I continue to be amazed at what the Vetiver System can do to help mitigate damage by extreme storms, and I continue to be just as much amazed by the fact that many national and local authorities either know nothing about the technology, or if they do know about it make no effort to use it. Regretfully the latter is often due to inaction by the scientific community. The facts are published (http://www.vetiver.org); those of you who read this newsletter would help reduce the terrible damage inflicted by extreme weather events if you notified your colleagues and local/national authorities and encourage them to test and use VS under local conditions. This is particularly important in those areas of the world subject to tropical storms, cyclones, hurricanes and typhoons.
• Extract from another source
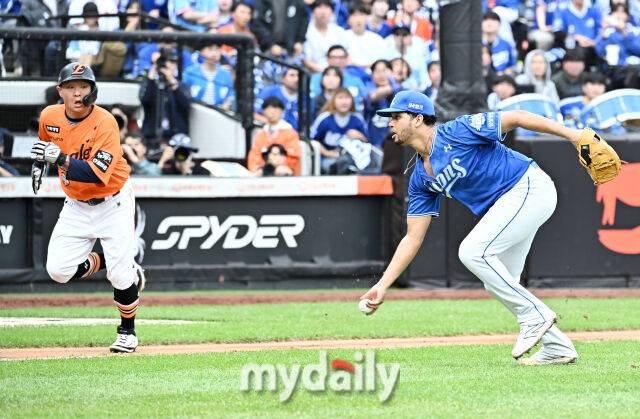 18일 오후 대전광역시 중구 대전 한화생명볼파크에서 진행된 '2025 프로야구 KBO리그 포스트시즌' 플레이오프(PO) 1차전 한화이글스와 삼성라이온즈의 경기. 삼성 가라비토가 2회말 2사 2,3루서 손아섭의 타구를 잡아 홈으로 던지고 있다./대전=송일섭 기자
We are told that these extreme events will become more frequent and violent – more reason to promote vetiver!
Dick Grimshaw.
Vetiver for the Mitigation of Disaster Impacts from Storm Events.
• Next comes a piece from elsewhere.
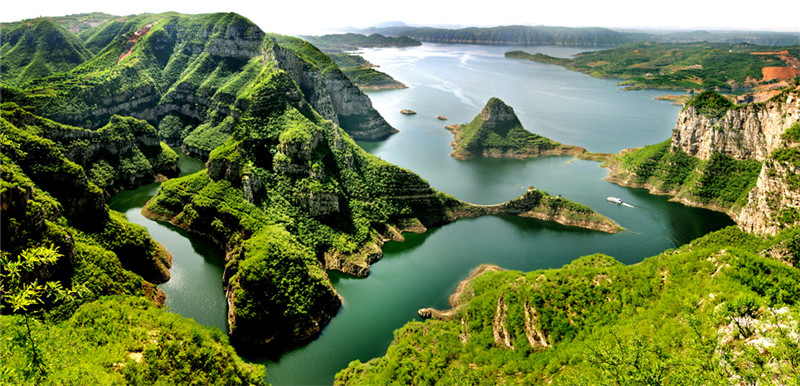 何言:思想伟力引领现代化出彩之路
“Catastrophic floods and landslides occurred throughout the region. When it was over, some 9,200 people had died; almost 270,000 homes were lost; 21,325 miles of roads and 335 bridges were destroyed. Immediately after the storm, some 2,000,000 people were pushed out of their homes. Economic losses were estimated at US$ 6 billion”.
Except for the lower fatalities this sounds like the impact of the notorious December 2004 tsunami. It was not - it was 1998’s Hurricane MITCH – a bad one
Tsunamis are relatively rare, cyclones/typhoons/hurricanes and other major rainfall storms are not. These heavy and intense rainfall occurrences cause significant and costly damage to land, water, infrastructure and people. They are nearly always catastrophic, and become more so as population and landuse pressures increase. Unlike tsunamis damage from such storms is not just confined to the near sea shore areas, but also far inland where the heavy rain damages watersheds and infrastructure, and concentrated water flows pour down into lower catchments and eventually the sea bringing damage and powerful water and sediment flows. There are many measures that can be used to mitigate such damage in advance, however the Vetiver System, based on the use of vetiver grass hedgerows, is an increasingly important and documented technology that is well suited for the purpose.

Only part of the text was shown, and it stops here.